Everyone is talking about OpenAI’s new text-to-video algorithm, Sora. And it is really quite exciting. As someone who spends their 9-5 (and beyond) creating video content, I wanted to see if it’s really all it’s cracked up to be. So, let’s take a deeper dive into its strengths and weaknesses to see what this new technology really offers.
Strength #1: Simulating Drone/Aerial Shots
Of all the videos Sora has generated, the most impressive ones are its drone and aerial footage. These are fairly realistic as long as you don’t look at them for too long – we’ll talk more about this in an upcoming section, but for now I’ll point out that if you look closely at any aerial video featuring architecture, often there will be stairwells or steps that lead to nothing.

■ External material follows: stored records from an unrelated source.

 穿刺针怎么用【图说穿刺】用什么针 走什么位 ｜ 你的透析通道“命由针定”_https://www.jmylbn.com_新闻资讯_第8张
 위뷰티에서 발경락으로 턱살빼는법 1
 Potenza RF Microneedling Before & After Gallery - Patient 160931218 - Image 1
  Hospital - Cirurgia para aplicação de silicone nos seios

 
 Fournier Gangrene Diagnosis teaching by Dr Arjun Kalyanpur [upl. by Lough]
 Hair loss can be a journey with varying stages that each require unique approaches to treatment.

However, the quality of these videos when compared to the high costs and dangers of flying manned helicopters or unmanned drones seem to highlight a possible future for this technology.

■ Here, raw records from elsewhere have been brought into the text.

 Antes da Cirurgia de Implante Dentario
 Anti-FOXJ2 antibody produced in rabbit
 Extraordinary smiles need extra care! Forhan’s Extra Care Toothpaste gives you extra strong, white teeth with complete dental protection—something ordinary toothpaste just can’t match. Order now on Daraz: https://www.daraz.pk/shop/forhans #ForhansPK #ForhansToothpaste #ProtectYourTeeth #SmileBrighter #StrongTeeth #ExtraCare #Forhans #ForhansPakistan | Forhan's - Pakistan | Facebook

Strength #2: Creating 3D Animations
Let’s face it: creating full 3D scenes and characters is time-consuming and difficult, not to mention animating all of those individual assets. There’s also lighting, post-processing, accounting for multiple camera angles…it’s a whole process. So being able to type a 3D animation into existence is extremely compelling and has the potential to shake up the entire field. While a lot of Sora’s sample animations are bland and lack a strong, cohesive sense of visual style, it remains to be seen how these animations can handle minor tweaks in post. There is a captivating future here for anyone who has ever used stock animations for their projects from sites like GettyImages.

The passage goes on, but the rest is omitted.